Problem to work on:
Scan the records for "from". Show the matching lines.

Source information:
- - - -
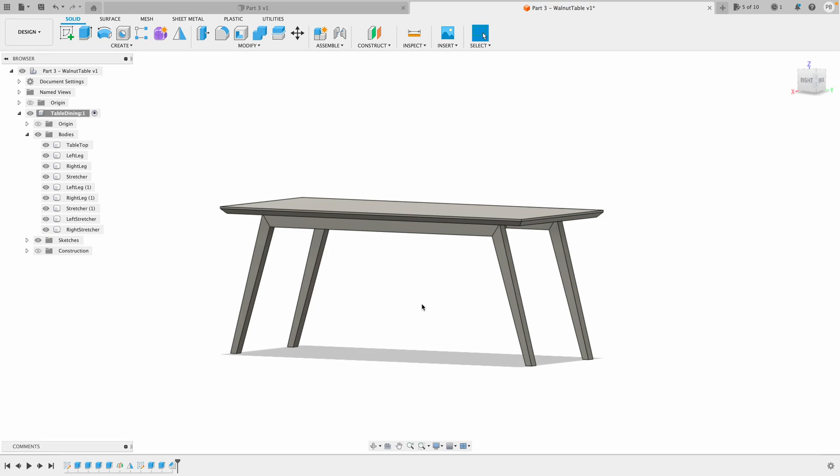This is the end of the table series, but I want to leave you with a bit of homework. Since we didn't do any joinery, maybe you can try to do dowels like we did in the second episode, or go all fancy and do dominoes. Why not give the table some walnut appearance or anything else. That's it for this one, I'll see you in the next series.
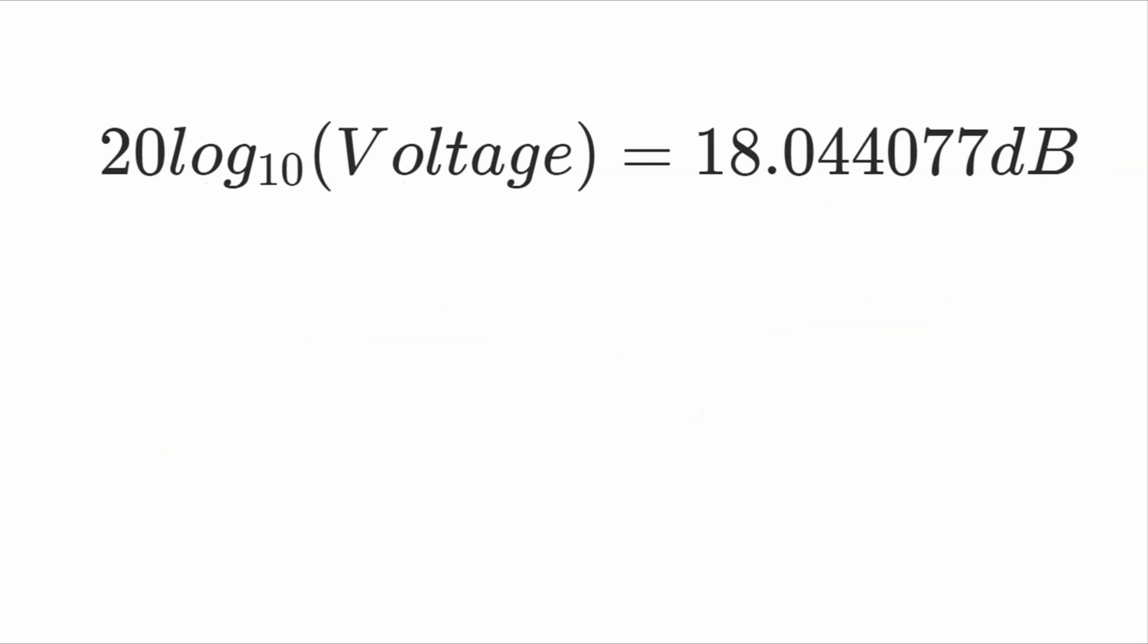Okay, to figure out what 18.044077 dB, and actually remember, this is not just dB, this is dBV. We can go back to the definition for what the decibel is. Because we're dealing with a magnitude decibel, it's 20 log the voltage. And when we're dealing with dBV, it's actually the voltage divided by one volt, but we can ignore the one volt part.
- - - -
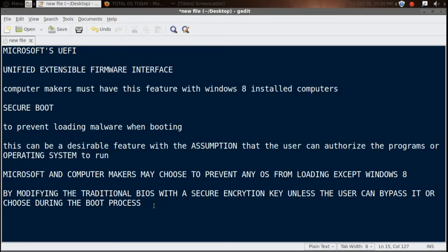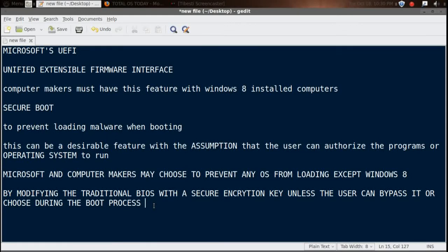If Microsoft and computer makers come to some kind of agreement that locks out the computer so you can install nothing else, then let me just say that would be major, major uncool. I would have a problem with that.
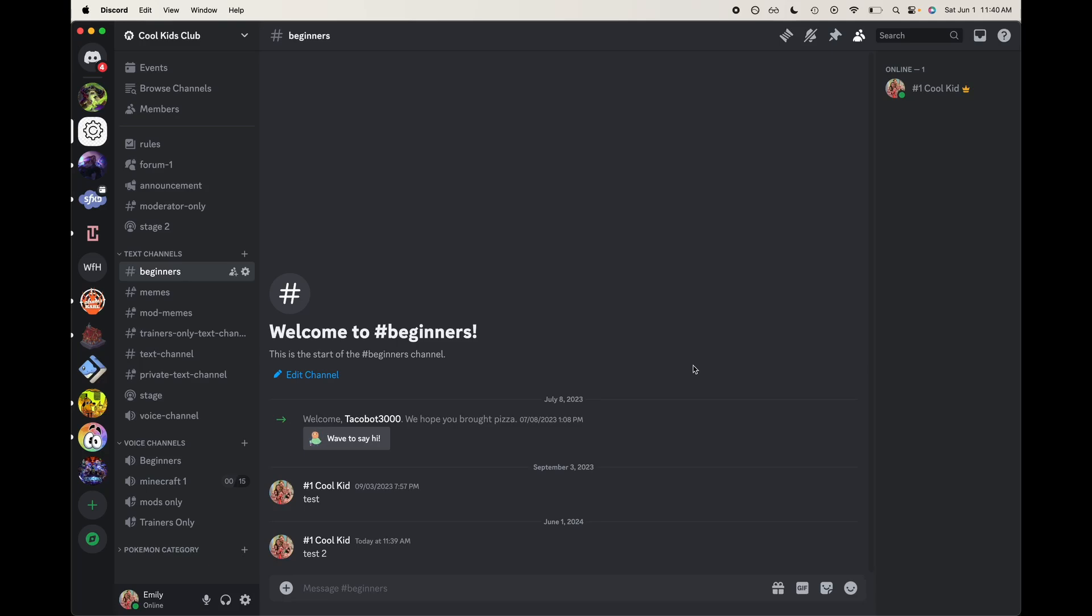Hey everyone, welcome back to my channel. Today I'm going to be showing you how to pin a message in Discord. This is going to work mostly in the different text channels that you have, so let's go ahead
- - - -
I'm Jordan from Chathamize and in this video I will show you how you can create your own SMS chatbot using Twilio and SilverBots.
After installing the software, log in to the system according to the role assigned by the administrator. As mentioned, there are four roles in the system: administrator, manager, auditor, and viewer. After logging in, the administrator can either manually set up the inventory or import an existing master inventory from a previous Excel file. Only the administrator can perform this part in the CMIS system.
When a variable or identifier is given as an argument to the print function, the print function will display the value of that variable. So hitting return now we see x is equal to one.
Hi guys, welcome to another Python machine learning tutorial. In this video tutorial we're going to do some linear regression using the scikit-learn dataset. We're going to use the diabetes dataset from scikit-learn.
- - - -
Response below:
I'm Jordan from Chathamize and in this video I will show you how you can create your own SMS chatbot using Twilio and SilverBots.
After installing the software, log in to the system according to the role assigned by the administrator. As mentioned, there are four roles in the system: administrator, manager, auditor, and viewer. After logging in, the administrator can either manually set up the inventory or import an existing master inventory from a previous Excel file. Only the administrator can perform this part in the CMIS system.
Hi guys, welcome to another Python machine learning tutorial. In this video tutorial we're going to do some linear regression using the scikit-learn dataset. We're going to use the diabetes dataset from scikit-learn.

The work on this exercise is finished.